In the project at work I basically have data that I’m rendering with a very sophisticated rendering pipeline. I was not getting exactly correct results so this week I had to look into that. From my point of view, there were two parts where things could go wrong: the data loading or the sophisticated, complex, error-prone rendering routine. I’ve spent two days going through every single part of the rendering, making sure that everything does exactly what I need it to. Of course everything was fine. The problem was in a code which loads the data from a text file. At some point I thought that this might be the problem but I dismissed it because it was “too much work” to debug.

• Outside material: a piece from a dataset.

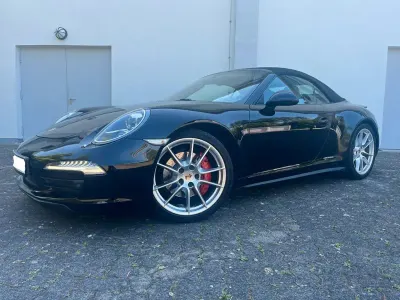 Gebraucht Porsche 911 Carrera 4S Cabriolet 400 PS (294 kW) 2013 Schwarz Cabrio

It was just a gentle reminder of how much I still have to learn. Sometimes I get really hyped up and I’m excited to deliver things. But then I get stuck for few days on one thing and I’m reminded how hard software development actually is. It kinda makes me appreciate higher-level programming languages and other people’s libraries.

I was at my colleague’s “proficiency evaluation” this Friday. It’s a new kind of exam at TU Wien for PhD students. You are supposed to do it some where in the middle of your PhD and basically you show what you’ve already done and what’s your plan for the rest of the PhD. He was the first one to do it in the Vis Group and even though he passed, it wasn’t 100%. I took a lot of notes and I’m going to make sure that I have a better plan for my PhD.

This week were also notifications for IEEE Vis 2017 conference and quite a few papers got through! The one that I was participating on too! That’s good news because more people are going to go to Phoenix this autumn.